PROVIDED MATERIAL:

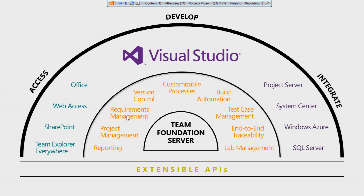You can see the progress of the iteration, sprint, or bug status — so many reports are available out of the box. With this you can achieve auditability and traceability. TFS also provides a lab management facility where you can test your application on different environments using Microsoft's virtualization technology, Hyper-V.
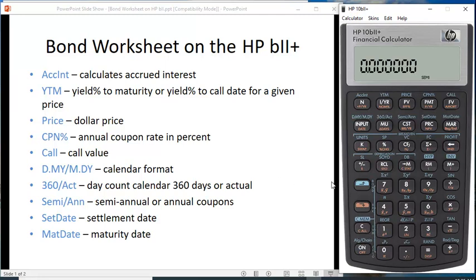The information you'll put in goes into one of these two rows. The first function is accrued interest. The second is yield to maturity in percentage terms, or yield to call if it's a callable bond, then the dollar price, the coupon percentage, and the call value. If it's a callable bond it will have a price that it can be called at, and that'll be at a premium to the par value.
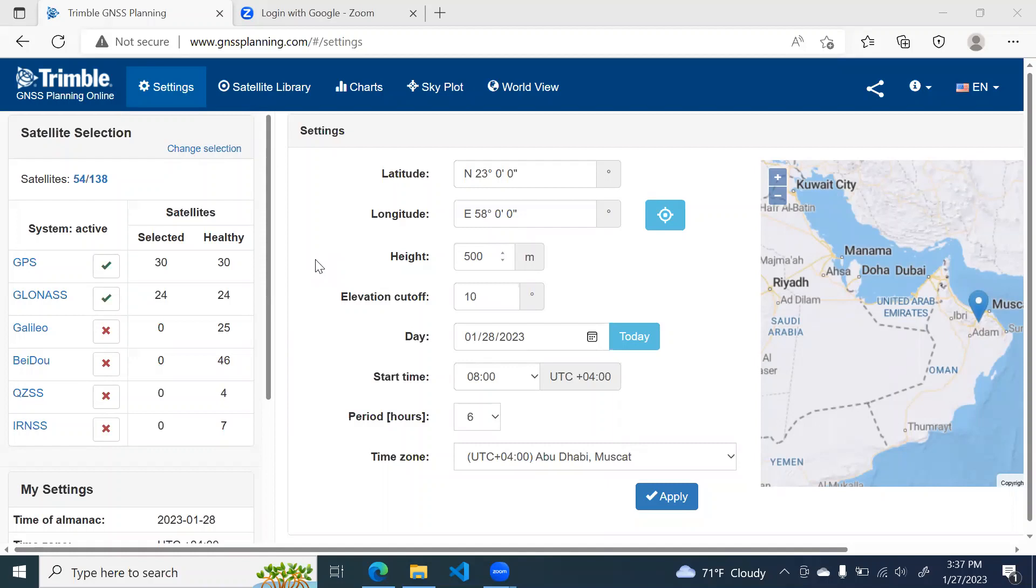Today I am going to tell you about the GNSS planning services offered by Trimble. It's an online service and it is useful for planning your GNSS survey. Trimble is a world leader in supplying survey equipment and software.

THE TASK:
The first line of the listing through the line with "The information you'll": repeat exactly that span and nothing more, skipping pictures.

EXPECTED ANSWER:
You can see the progress of the iteration, sprint, or bug status — so many reports are available out of the box. With this you can achieve auditability and traceability. TFS also provides a lab management facility where you can test your application on different environments using Microsoft's virtualization technology, Hyper-V.
The information you'll put in goes into one of these two rows. The first function is accrued interest. The second is yield to maturity in percentage terms, or yield to call if it's a callable bond, then the dollar price, the coupon percentage, and the call value. If it's a callable bond it will have a price that it can be called at, and that'll be at a premium to the par value.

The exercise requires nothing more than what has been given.